A third observation is that Japanese tourists must be made of asbestos......We visited the Polynesian Spa. The lakeside Spa has 5 pools of increasing temperature as you approach the lake side. The hottest is at 42C, the lowest at below 38C. We could just stand the 42C for a few minutes. One Japanese tourist was fast asleep in the hot pool.........At least, we think he was asleep! We'll check out whether is is still there this evening..... The Polynesian Spa is worth the trip to Rotorua if all else fails to please (it won't).
Tomorrow, Lake Taupo.

Wednesday, 26 August 2009

I guess we were due one screw-up

Unfortunately Qantas forgot to inform us our flight to Sydney, and then on to Aukland, was changed. It was moved up 1.5 hours.
Consequently we missed the new flight by 30 minutes and are now booked on a later flight via Melbourne (two trips to Victoria on this holiday, then!). This means we get into Aukland around local midnight and since I don't fancy picking up the rental car at 1am and then driving into an unknown city to find an unknown hotel in the early hours of the morning, we've phoned ahead and cancelled our previous hotel booking and informed the car rental company we will be picking up tomorrow. We've also managed to find a hotel local to the airport in Aukland so that we can take their shuttle to and from the airport.
At least Qantas have done the honourable thing and allowed us into their lounge (with WiFi access!)
to wait the extra 3 hours. We still have to pursuade them we need access at Melbourne for the wait for flights down there.
I am really glad we brought a netbook on this trip. What would be do without it!

Tuesday, 25 August 2009

Well, it is winter down here!

Our last day in the Adelaide area, so we drove into Glenelg and took the tram into Adelaide city for a last look around. Not much has changed in the 5 years since we were last here except the trams themselves! They've got new ones and they go further into the city than they used to.

Like Brisbane, Adelaide exudes a vibrance like that of some UK cities twenty years ago but sadly now lacking (or maybe I'm just getting old - but if so, why do I still feel it here?).

The average age of those around us must have been in their twenties.
One other thing we noticed. Every third person we saw was of Asian extract. Things are a-changing.
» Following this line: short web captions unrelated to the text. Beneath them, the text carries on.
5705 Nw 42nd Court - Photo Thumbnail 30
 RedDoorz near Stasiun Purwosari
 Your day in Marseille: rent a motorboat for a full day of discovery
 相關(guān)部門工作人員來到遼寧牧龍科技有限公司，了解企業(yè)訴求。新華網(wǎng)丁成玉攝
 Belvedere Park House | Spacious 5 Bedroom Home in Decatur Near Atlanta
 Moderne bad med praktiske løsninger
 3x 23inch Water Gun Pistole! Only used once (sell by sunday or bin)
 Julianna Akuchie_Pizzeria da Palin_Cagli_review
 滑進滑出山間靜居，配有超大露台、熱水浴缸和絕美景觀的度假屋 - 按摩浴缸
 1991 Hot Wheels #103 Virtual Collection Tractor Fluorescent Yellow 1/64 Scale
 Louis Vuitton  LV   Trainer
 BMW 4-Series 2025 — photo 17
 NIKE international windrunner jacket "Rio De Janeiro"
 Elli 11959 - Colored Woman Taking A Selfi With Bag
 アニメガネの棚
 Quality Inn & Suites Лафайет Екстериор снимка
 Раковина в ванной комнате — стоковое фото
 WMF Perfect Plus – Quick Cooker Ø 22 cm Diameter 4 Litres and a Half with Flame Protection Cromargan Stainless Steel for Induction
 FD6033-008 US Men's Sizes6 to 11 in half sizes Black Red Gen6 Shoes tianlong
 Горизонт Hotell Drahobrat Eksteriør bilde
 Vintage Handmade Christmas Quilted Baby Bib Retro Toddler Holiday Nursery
The storm didn't really affect us here, but some areas of Adelaide had long power cuts and even now, some 20 hours later, it is still stormy out there. The sea off Glenelg was wild.

Aukland tomorrow and unless anything newsworthy happens in the meantime, the next blog will be from Aukland.

Monday, 24 August 2009

Kingston on Thames was never like this!

Tony, VK5KAI

On our way back from Hatherleigh and Robe we stopped off at Kingston on the south coast. There we visited with Tony, VK5KAI, the ARISS Coordinator for the Pacific region (I hope I got that right!).
Tony has an impressive array of antennas for the satellite bands as well as a super shack, that is well set-up for satellite operation. His workshop was equally impressive. Thanks to Tony and his XYL for the visit.
Kingston now hosts the Cape Jaffa lighthouse. It was re-located to Kingston from its original location at nearby Cape Jaffa as it was no longer in use and was in danger of falling into the sea.
It is a most unusual lighthouse, as you can see. When it was at its original location it housed two families, one on each of the btwo enclosed lower floors. There were up to five children in each family. I can image what a worry this must have been for the parents, living high up in a lighthouse on the Jaffa cape!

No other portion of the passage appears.